Notice what's not there: no patient name, no DOB, no member ID, no subscriber address. claim_id is the provider-assigned claim control number (CLM01), not a patient identifier. total_charge matches the CLM02 segment total from the file ($750). This is the JSON shape your downstream analytics should consume.


Step 5 — Do the same thing in Python

Now write the equivalent in code. The Python SDK's analyze_file returns the same facts as a typed AnalysisResult object:

import exactedi

result = exactedi.analyze_file("samples/sample_837p.x12")

print(f"License:      {exactedi.license_status()}")
print(f"Valid:        {result.is_valid}")
print(f"Transactions: {result.transaction_count}")
print()

for tx in result.transactions:
    print(f"  Type:        {tx.type}")
    print(f"  Claim ID:    {tx.claim_id}")
    print(f"  Payer:       {tx.payer_name}")
    print(f"  Provider:    {tx.billing_provider_npi}")
    print(f"  Total:       ${tx.total_charge:,.2f}")
    print(f"  Diagnoses:   {', '.join(tx.diagnosis_codes)}")
    print(f"  Procedures:  {', '.join(tx.procedure_codes)}")
License:      Trial
Valid:        True
Transactions: 1

  Type:        837P
  Claim ID:    CLM0001
  Payer:       BLUE SHIELD
  Provider:    1234567890
  Total:       $750.00
  Diagnoses:   M79606, I10
  Procedures:  99213-25, 99214

A real claims file from a payer or clearinghouse will have hundreds or thousands of transactions — the loop above scales without changes.

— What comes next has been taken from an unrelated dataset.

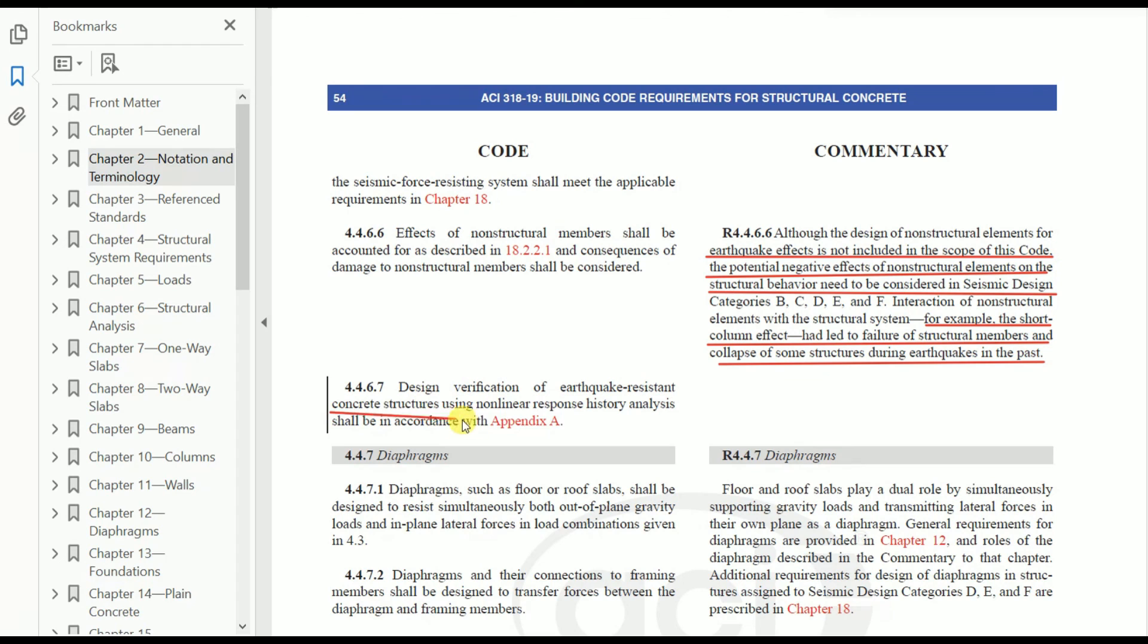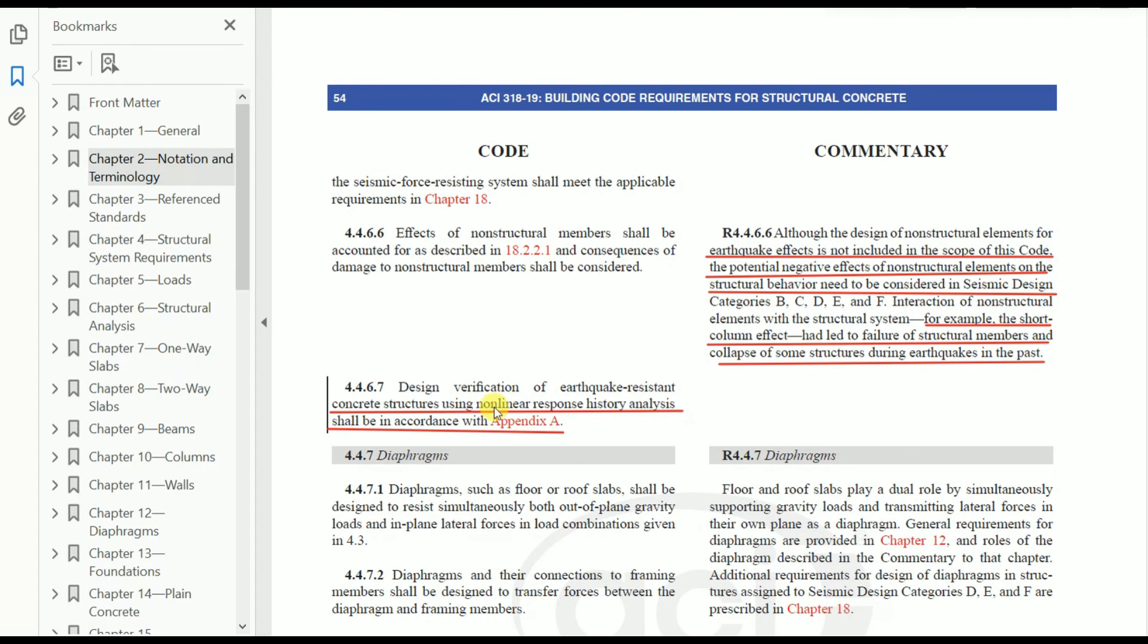The last one: design verification of earthquake-resistant concrete structures using non-linear response history analysis shall be in accordance with Appendix A. So friends, let's end up here. Let's discuss the other things in the next part of this video. I hope you all liked this video. Please comment in the comment box if you like the content, hit the like button, share it with your friends, and don't forget to subscribe the channel for more videos. Thank you for watching.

Step 6 — Answer a real question with pandas

Now the payoff. Swap the single-claim sample for your own multi-claim 837P file (anything from a daily batch to a monthly extract) and ask: which payers do we bill the most?

import exactedi

# Substitute your own batched 837P file here. The bundled samples are
# single-transaction; real-world claims files have hundreds to thousands.
result = exactedi.analyze_file("path/to/your_837p_batch.x12")

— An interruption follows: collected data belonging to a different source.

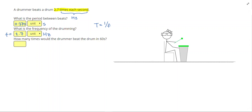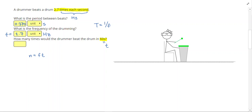Next it asks how many times would the drummer beat the drum in 60 seconds. If they're beating 2.7 times each second for 60 seconds, I multiply the frequency by the total time interval: 2.7 times 60 gives 162 times. This makes sense because beating more often than once per second should give a number larger than 60.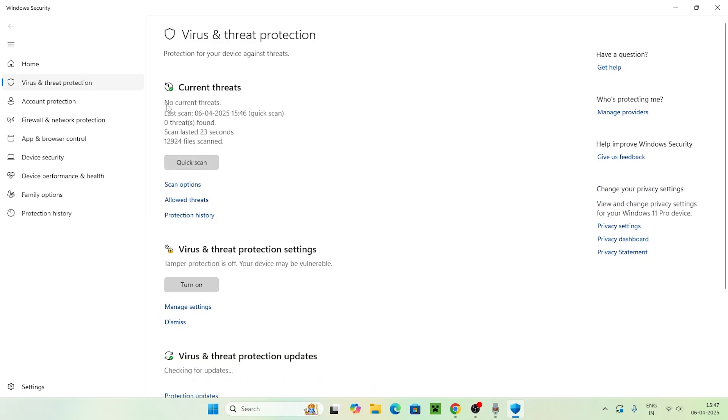Right now, it says there is no threat so far. They have cross-checked around 12,924 files and we don't have any issues. This is the basic step.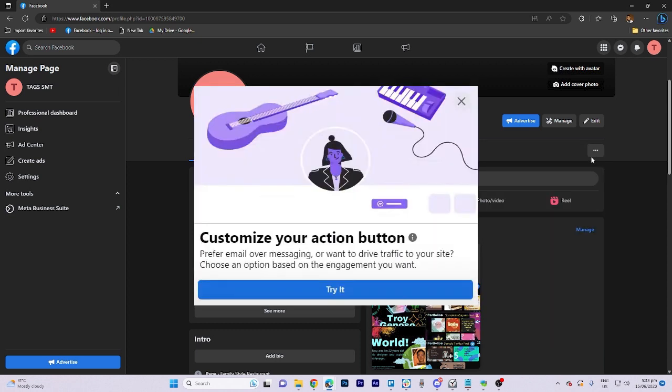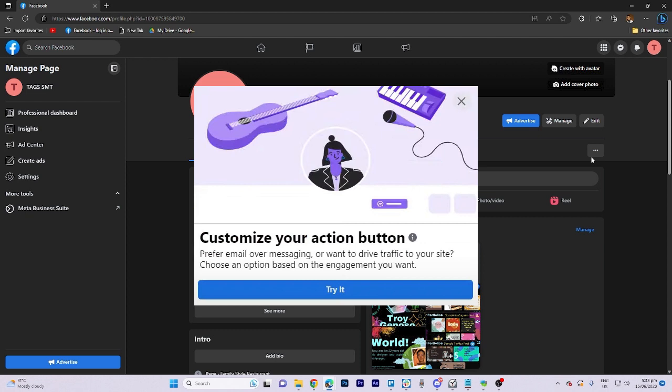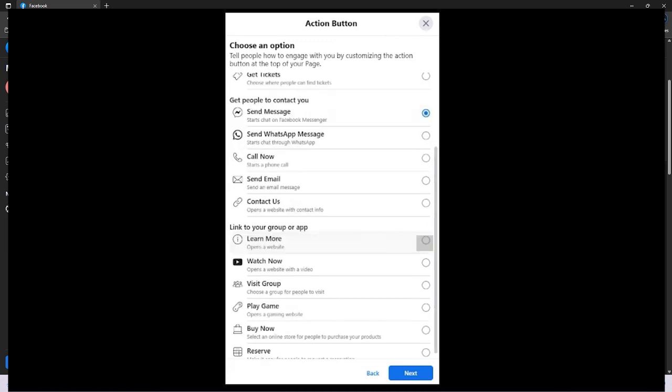Click on Try It and proceed to this section where you can choose an action button. In this case, select Learn More and click on Next.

df = exactedi.to_dataframe(result)

billing_by_payer = (
    df.groupby("payer_name")["total_charge"]
      .agg(["count", "sum", "mean"])
      .sort_values("sum", ascending=False)
)

print(billing_by_payer)

Illustrative output against a realistic batch:

                count        sum     mean
payer_name
BLUE CROSS        412  524130.50  1272.16
AETNA             287  391847.25  1364.97
CIGNA             198  248901.00  1257.07
UHC               103  118455.75  1150.05

That's the end of the happy path. You went from a 1 MB X12 file to ranked analytics in 6 lines of Python. Swap to_dataframe for whatever your warehouse loader expects, and you've shortened a multi-week integration to an afternoon.

Performance reference: on commodity hardware (Ryzen 7 5700G), the same flow against a 1 GB 837P file runs in ~8 seconds end-to-end with constant ~5 MB memory for parse, and ~8.6 KB/tx retained for the facts. For files larger than memory, use the streaming API documented in PYTHON_GUIDE.md.

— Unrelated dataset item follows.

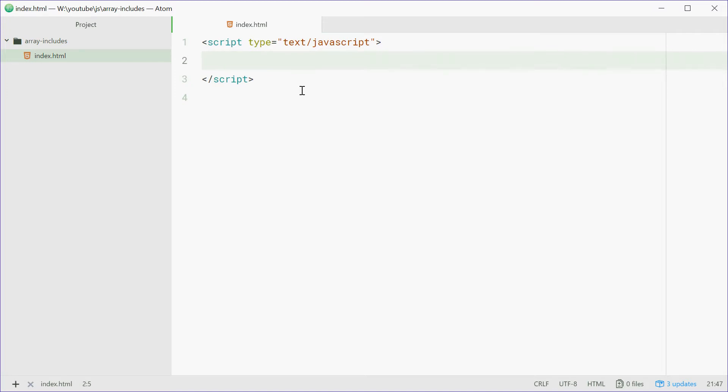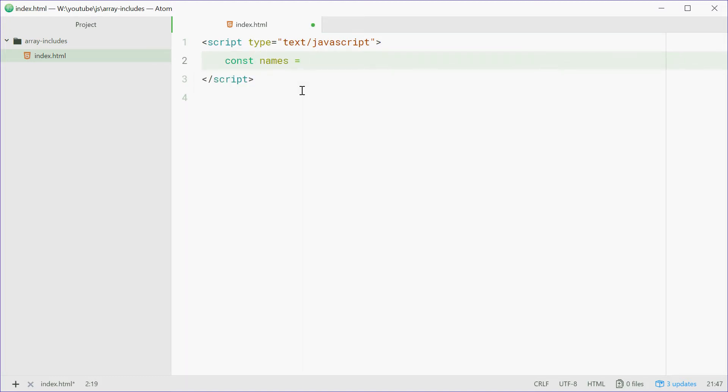Let's define a new array up here called names equal to Dom, Bob, and Mary.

Validation coverage (beta)

So you know what you have today vs. what's landing through GA:

SNIP LevelCoverageStatus
1 — EDI syntax / structureSegment/element syntax, envelope structureShipping
2 — IG loop & segment structureLoop nesting, trigger segments, segment placement, repeat-count caps, required-segment checks — 10 transaction types (837P, 835, 270, 271, 276, 277, 277CA, 278, 820, 999)Shipping (beta.4)
2 — IG element-level rulesElement usage, valid code lists, syntax rules from segment-detail pagesGA target
2 — Remaining transaction types837I, 837D, 834 loop structurePost-beta.4
3 — Envelope balancingControl numbers, segment & transaction countsShipping
3 — Claim / monetary balancing835 BPR02 vs. CLP04 sums, 837 CLM02 vs. SV1 line sumsShipping (beta.4)
4 — Inter-segment situationalConditional element rulesGA target (837/835 first)
5 — External code setsICD-10, HCPCS, CARC, RARC, POS, taxonomy bundled; CPT BYOPartial GA, full v1.x
6 — Product-type variance837P vs. I vs. D, etc.Partial GA, full v1.x
7 — Trading-partner companion guidesDeclarative DSL, library-side enforcementv1.x marquee

The diagnostic shape on result.validation is forward-compatible — new SNIP levels add new diagnostic codes, they don't change the fields you already consume. Pin to a beta version, take updates, no rewrite at GA.


If something here doesn't work as advertised, that's a bug — file it with your beta support contact and include the file (or a structural twin without PHI) plus the exact command and output.